Selective Visual Context Routing for Long-Video Understanding Benchmarks

Yuxuan Yuan

Published: 02 Feb 2026, Last Modified: 05 May 2026OpenReview Archive Direct UploadEveryoneCC BY 4.0

Abstract: Long-video understanding models are often constrained by how many frames can be processed at inference time. A common solution is to impose a fixed frame budget for every question, but this uniform frame budget is poorly aligned with the heterogeneous nature of long-video queries, despite stark variation in the evidence each query actually demands. Some questions depend on a brief event, others require evidence distributed across a long temporal span, and many fall somewhere in between. We analyze this heterogeneity using Video-MME-v2 and observe that different subsets favor different frame budgets and frame-sampling policies.
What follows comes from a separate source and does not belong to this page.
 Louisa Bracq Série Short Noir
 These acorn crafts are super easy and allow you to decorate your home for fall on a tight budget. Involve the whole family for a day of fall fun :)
These results suggest that the budget itself should be treated as a question-dependent decision rather than a constant. We present a training-free test-time visual context routing method that assigns each question to a suitable frame budget while maintaining a prescribed average budget over the evaluation set. The FrameRouter uses lightweight evidence-demand signals and a budget-constrained allocation rule to choose among frozen temporal sampling configurations. Without modifying model weights or introducing new frame selectors, the method improves long-video QA performance across Video-MME-v2 and several long-video understanding benchmarks. The findings highlight the importance of matching visual context length to query difficulty and evidence distribution.